Grüne: Sachsen muss Klimaschutz stärker vorantreiben
Sachsens Grüne haben nach den Protesten erneut einen geordneten Rückzug aus der Braunkohle gefordert. "Die Menschen wollen, dass auch Sachsen aus der Braunkohle als klima- und umweltschädlichem Energieträger aussteigt", sagte Parteichef Jürgen Kasek. Die sächsische Regierung müsse den Klimaschutz und die Energiewende viel entschlossener als bisher vorantreiben.
CDU Sachsen will Aussprache im Landtag
Die CDU-Fraktion im Sächsischen Landtag macht unterdessen die Linke 
mitverantwortlich für die Ausschreitungen. "Mit ihrer Mobilisierung für 
das sogenannte 'Klimacamp' ist die Linke für den Gewaltausbruch im 
Lausitzer Braunkohlerevier politisch mitverantwortlich", erklärte der 
energiepolitische Sprecher Lars Rohwer. 
Sein Fraktionskollege 
Frank Hirche forderte eine Aufklärung der Vorfälle im Landtag. 
"Ich erwarte, dass die Vorfälle im Sächsischen Landtag ausgewertet 
werden, da es keine Frage auf Länderebene ist, sondern eine Frage 
unserer Region. Die 'politischen Beobachter' der Linken-Fraktion des 
Sächsischen Landtages haben nicht zur Deeskalation der Gewalt 
beigetragen, sondern vielmehr noch applaudiert." Das sei auch nicht 
durch ein Engagement für den Klimaschutz zu rechtfertigen, so Hirche.
Wer wie die CDU zivilen Ungehorsam als 'Gewaltausbruch' denunziert, hat nicht begriffen, wie die Zivilgesellschaft in der Demokratie funktioniert.

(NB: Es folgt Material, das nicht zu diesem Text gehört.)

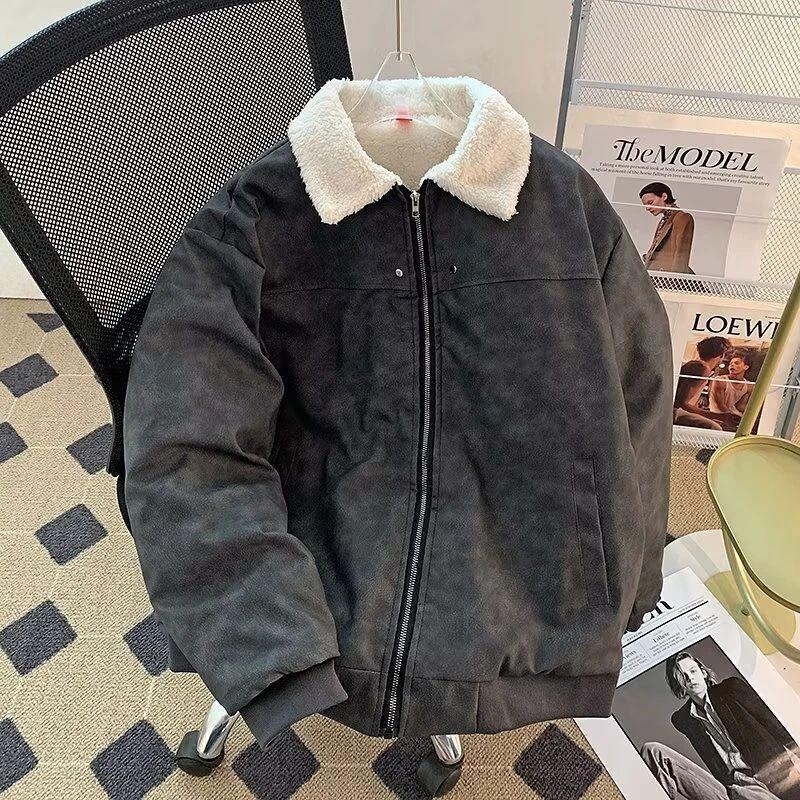 Unisex Retro Lamswol Reversjas - Dikke Warme Katoenen Jas voor Herfst & Winter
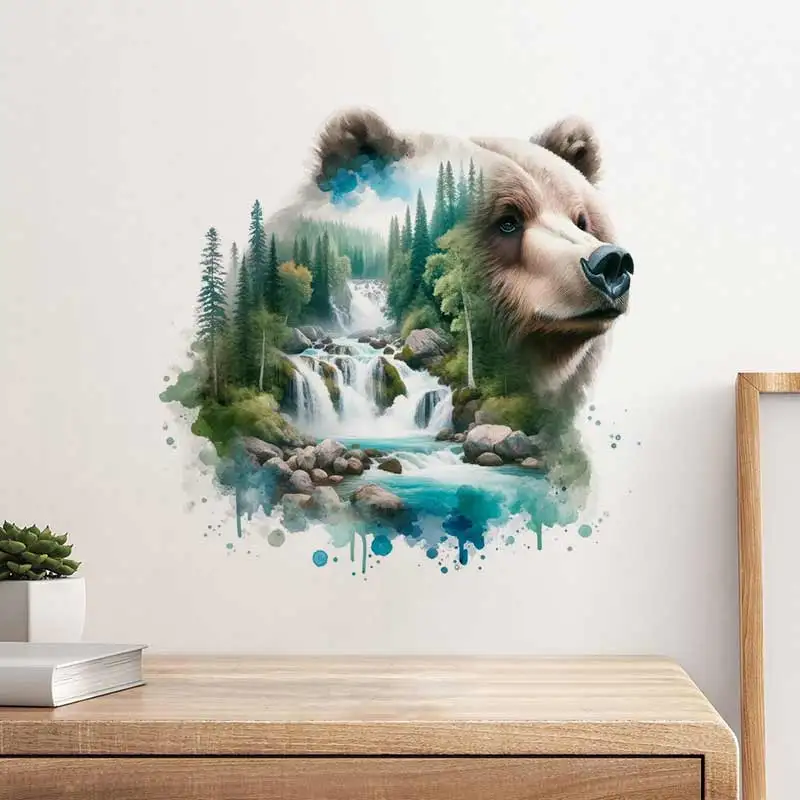Powerful Grizzly Stickers Decoration for Living Room, Wall, Bedroom, Toilet and Home Decor Waterproof Decals  Stickers S951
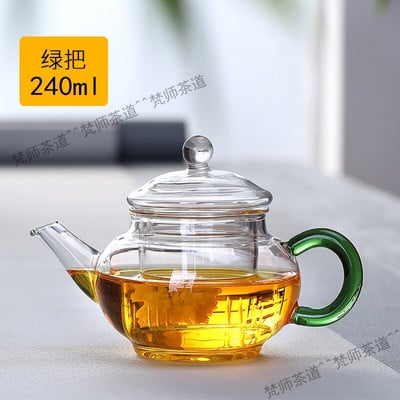 Ceainic mic din sticlă rezistentă la căldură Fierbător Kung Fu cu filtru Articole de ceai creative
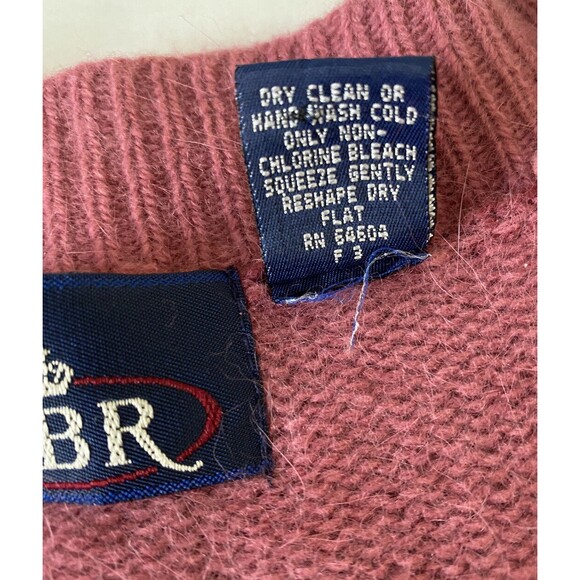 Vintage Y2K Lambswool Angora Blend Mauve Pink Cropped Boxy Cardigan Size Large L - Picture 10 of 10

Marco Böhme, klimapolitischer Sprecher der Linke-Fraktion
Die Linke wies die Vorwürfe zurück. Der klimapolitische Sprecher Marco Böhme erklärte am Montag, die Vorwürfe seien haltlos und grenzten an üble Nachrede. "Die Behauptung des Applauses für Gewalt ist eine Unverschämtheit und widerspricht schlicht den Tatsachen", so Böhme. "Es handelt sich um den billigen Versuch, vom eigenen Versagen in der regionalen Strukturpolitik durch Braunkohlefixierung abzulenken, indem Aktivist*innen der sozialökologischen Energiewende kriminalisiert werden." Die Linke habe vielmehr vermittelnde Gespräche mit der Polizei geführt, so Böhme.